Satsuma samurai and Meiji statesman
Born into a samurai family from Satsuma (present-day Kagoshima Prefecture) in the service of the Shimazu daimyō of Kagoshima, Kuroda (黑田清隆, 1840-1900) was one of the retainers involved in the Nagamugi Incident in Yokohama (see text box below). Kuroda also fought in the ensuing Anglo-Satsuma War in 1863 and went to Edo in the same year to study gunnery.
He contributed to the establishment of the Satsuma-Chōshū Alliance that aimed at ending the Tokugawa shogunate. Kuroda served as commander in the Boshin War and spared the life of the Tokugawa admiral Takeaki Enomoto (榎本 武揚, 1836-1908) in the Battle of Goryokaku in Hakodate. Enomoto was one of the few Tokugawa loyalists who rose within the Meiji government, serving as vice-admiral, special envoy to Russia, Navy Minister, Minister of Communications, Minister of Agriculture and Commerce, Minister of Education and Foreign Minister, owing his rise mainly to Kuroda.

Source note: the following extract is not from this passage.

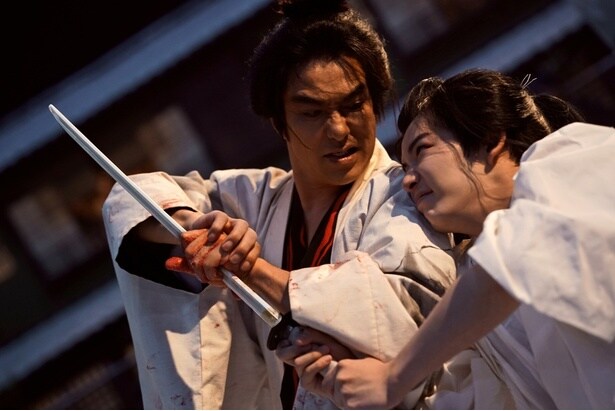 【写真を見る】長尾謙杜、北村一輝の熱演！雪が舞うなかでの仇討ちが残酷ながらも美しい…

In the light of Russia’s accelerating expansion towards the East, Kuroda advocated the quick development of Japan’s northern territories, supporting Japan’s claims to the island of Sakhalin (樺太, Karafuto). In 1874, Kuroda became director of the Hokkaidō Colonization Office, recruiting former samurai and soldiers to settle and farm in Hokkaido. He also served as envoy to Korea, concluding the Japan-Korea Treaty of Amity and – despite hailing from Satsuma himself – was sent there in 1877 to suppress the Satsuma Rebellion, a revolt of disgruntled former Satsuma samurai against the Meiji government. In the wake of Ōkubo Toshimichi‘s assassination in 1878, he became the leader of Satsuma.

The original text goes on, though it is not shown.